Par Alain-Charles Perrot, membre de la section d’Architecture.
Àl’issue du premier concours d’architecte lancé en France en 1862, Charles Garnier est retenu comme lauréat pour construire le Nouvel Opéra de Paris, voulu par Napoléon III à l’emplacement déterminé par le nouvel urbanisme de Paris conçu par le Préfet Hausmann.
Charles Garnier est alors âgé de 35 ans. Il va imaginer avec son agence un ensemble architectural dans lequel il va concevoir le mobilier ainsi que tous les détails de sa décoration. Même les artistes invités, sculpteurs, peintres, mosaïstes, recevront des directives précises au niveau des sujets, de leur disposition, de leur coloration.
Tout naturellement, Charles Garnier va aussi déterminer les dessins des tapisseries et damas destinés à orner les salles du nouvel Opéra ainsi que le drapé des tentures et des rideaux.
L’ensemble de ces dispositions avait disparu au cours du xxe siècle. Lors de la restauration de la salle, Jean-Louis Robert, architecte des bâtiments civils et palais nationaux, n’avait pu retrouver le dessin du damas des loges et avait reconduit le motif qui existait alors.
Lors de la restauration du Grand Foyer de l’Opéra voulu par son directeur, Hugues Gall, il a été décidé de remettre en place le décor textile original. Pour cet ouvrage nous possédions les dessins gravés en couleur qui montraient le motif de ces tentures et leurs dispositions. Très avant-garde, ces décors annonçaient l’Art Nouveau et mêlaient un entrelacs végétal autour des motifs allégoriques de l’Opéra, notamment la lyre que l’on retrouve partout au sein du monument.

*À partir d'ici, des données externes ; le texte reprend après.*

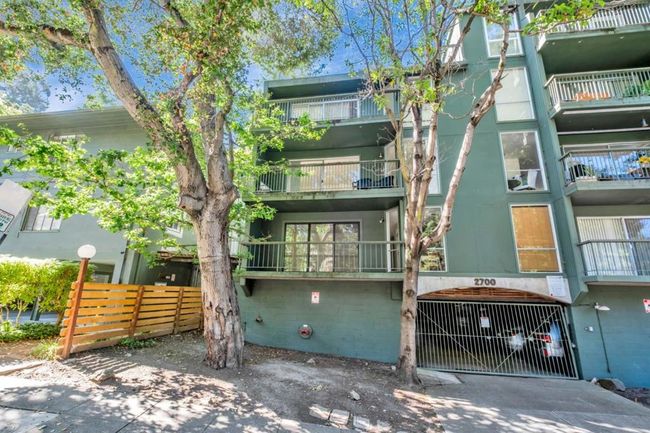 APT-301 - 2700 Le Conte Ave, Condo with 1 bedrooms, 1 bathrooms and 1 parking in Berkeley CA | Image 31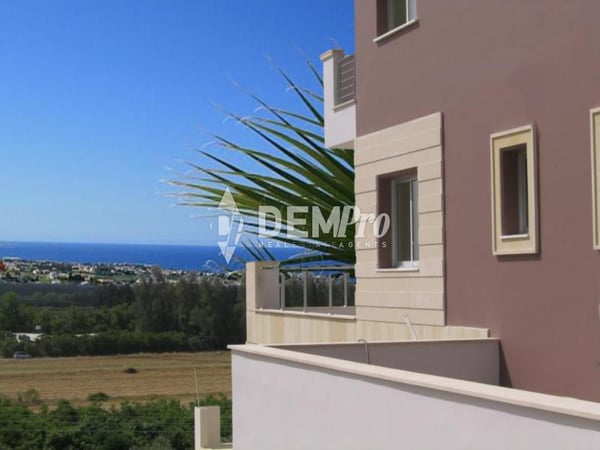 Apartment in Yeroskipou - view 1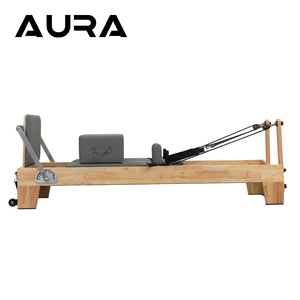 Reformer <span class=keywords><strong>de</strong></span> Pilates polyvalent en chêne avec ensemble <span class=keywords><strong>de</strong></span> Pilates, correcteur <span class=keywords><strong>de</strong></span> colonne vertébrale Pilates Caterpillar, et kits d'accessoires Pilates pour club <span class=keywords><strong>de</strong></span> fitness. - Product Image 1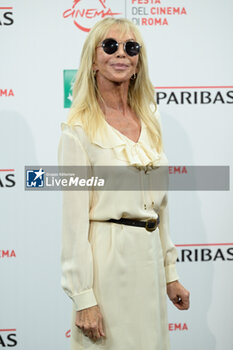 2023-10-23 - Trudie Styler attends the photocall of the movie “Posso Entrare? An Ode To Naples” during the 18th Rome Film Festival at Auditorium Parco Della Musica on October 23, 2023 in Rome, Italy. - PHOTOCALL OF THE MOVIE “POSSO ENTRARE? AN ODE TO NAPLES” 18TH ROME FILM FESTIVAL - NEWS - VIP
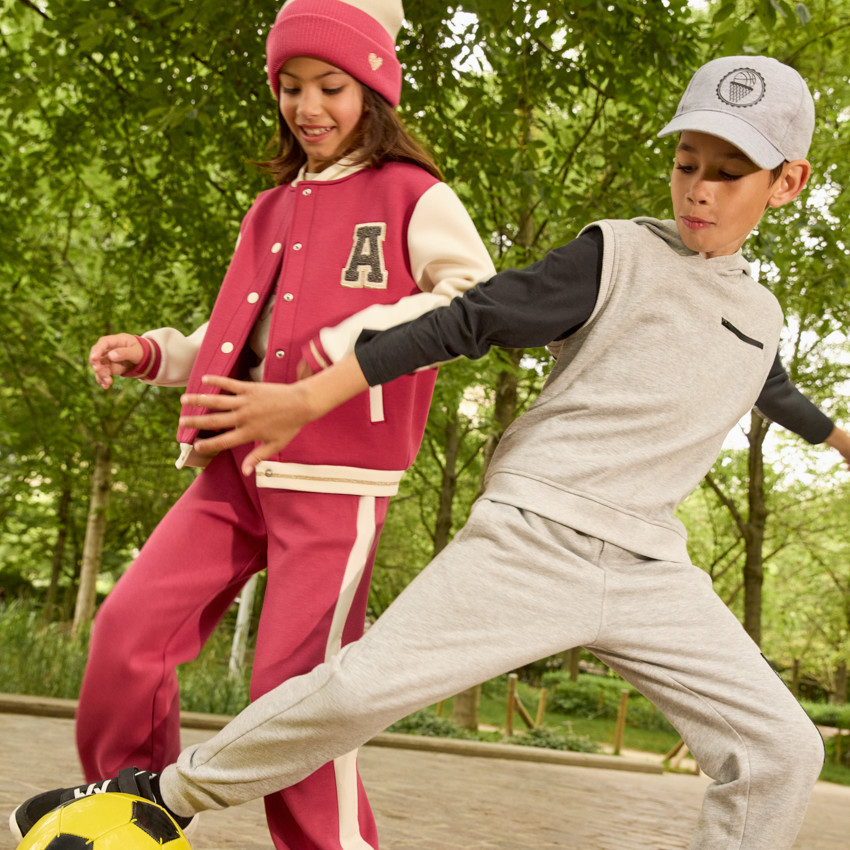 Grijze fleecepet met basketballprint voor jongens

A partir de ces documents nous avons lancé une recherche afin de refaire tisser ces étoffes, leurs bordures, leurs passementeries, leurs broderies et les éléments de quincaillerie les accompagnant.
Nous nous sommes rapprochés de la Maison Prelle, fabricant de soieries à Lyon qui possède des archives exceptionnelles sur les productions lyonnaises depuis le xviie siècle.
Quelles ne furent pas notre surprise et notre joie de retrouver dans les archives de cette maison les véritables pièces originales des tissus de rideaux, ainsi qu’un petit linéaire de la bordure brodée correspondant aux dessins que nous possédions. Nous avons pu ainsi refaire tisser, en matériau non feu, l’ensemble de ces tentures et lambrequins brodés, et les remettre en place.
Peu d’années après, le Prince Rainier de Monaco a lancé la restauration de l’Opéra de Monte-Carlo, réalisé par Charles Garnier en 1875, dont j’ai eu l’honneur d’être le Maître d’œuvre.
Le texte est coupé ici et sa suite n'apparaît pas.